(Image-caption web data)

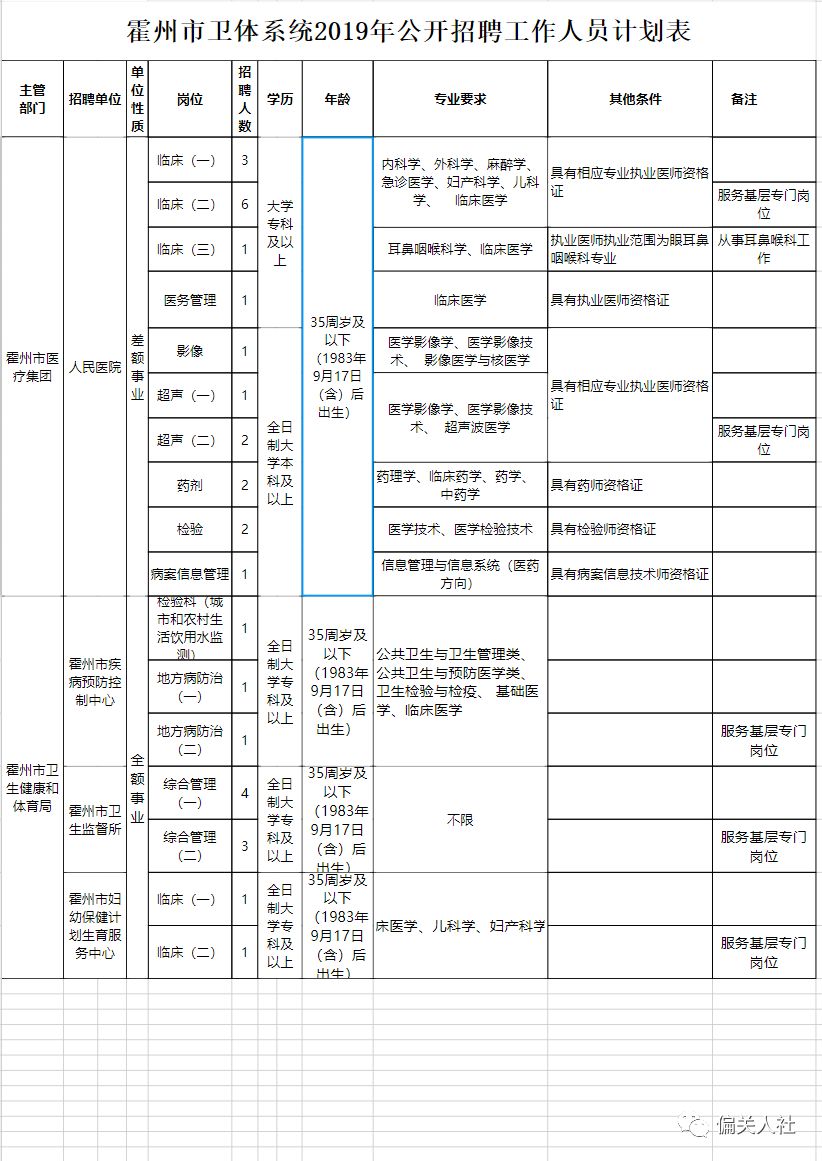 临汾市霍州市人口数量_霍州市第一中学图片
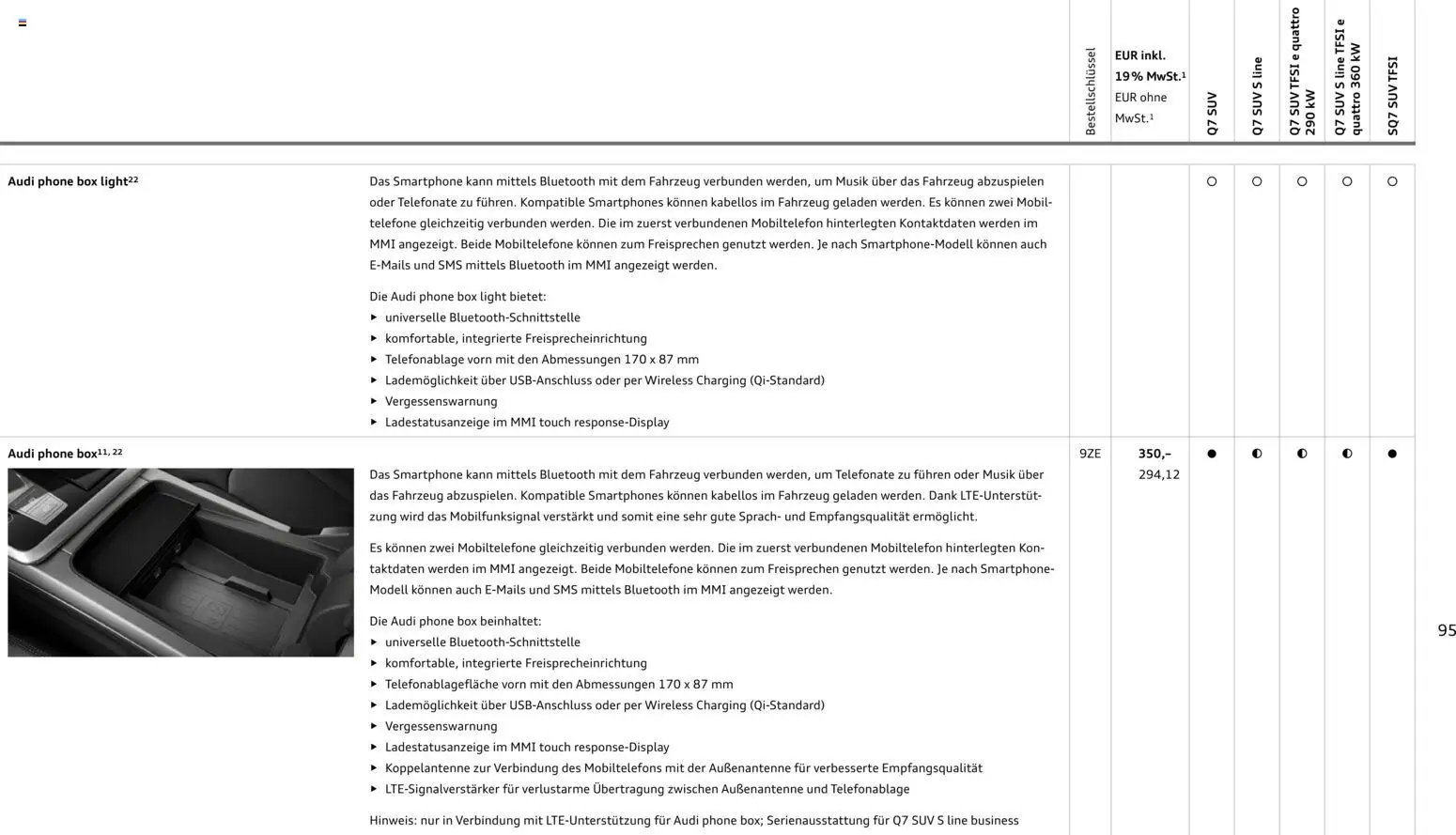 Audi Q7 (2025-10-28 - 2026-10-28)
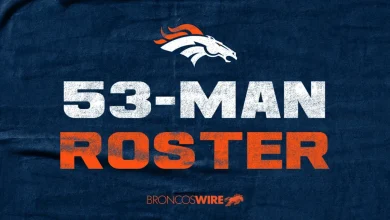 Broncos 53-man roster going into Commanders game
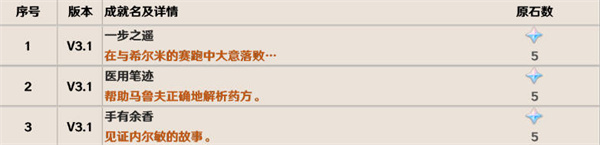ԭ3.1汾سɾȫ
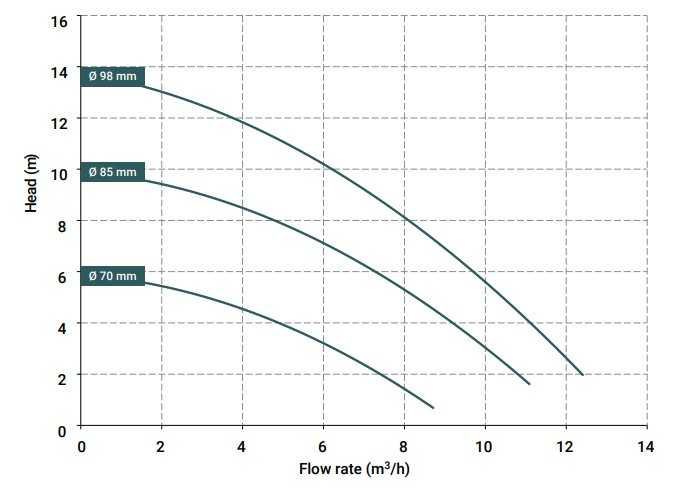 Pompa sprzęgło magnetyczne 10 DM PP EPDM, 0,55 kW, 85 mm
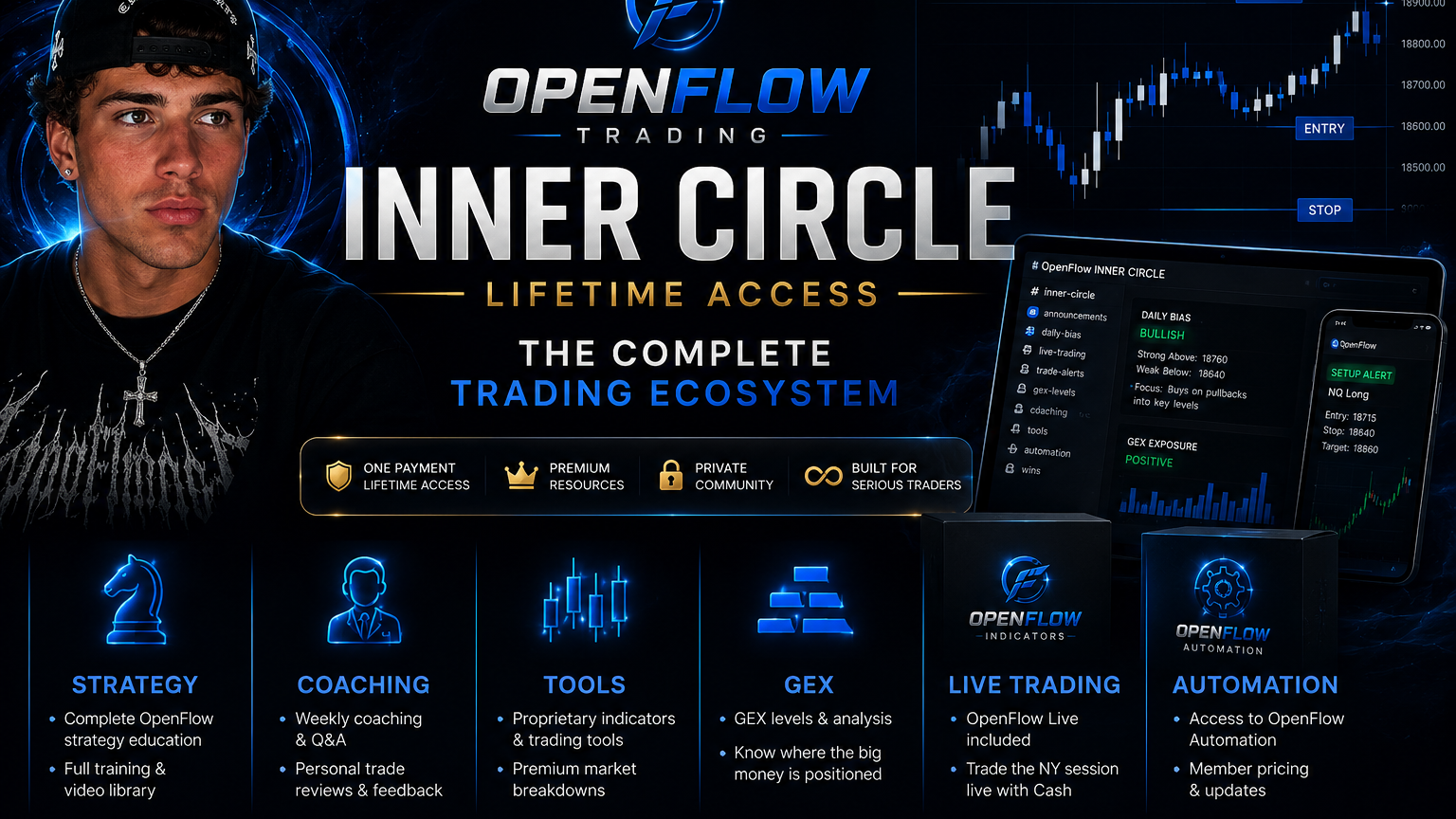 OPENFLOW INNER CIRCLE — LIFETIME ACCESS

_Exercise aim_
Could you write out the records exactly while omitting every picture?

_Solved problem_
 临汾市霍州市人口数量_霍州市第一中学图片
 Audi Q7 (2025-10-28 - 2026-10-28)
 Broncos 53-man roster going into Commanders game
ԭ3.1汾سɾȫ
 Pompa sprzęgło magnetyczne 10 DM PP EPDM, 0,55 kW, 85 mm
 OPENFLOW INNER CIRCLE — LIFETIME ACCESS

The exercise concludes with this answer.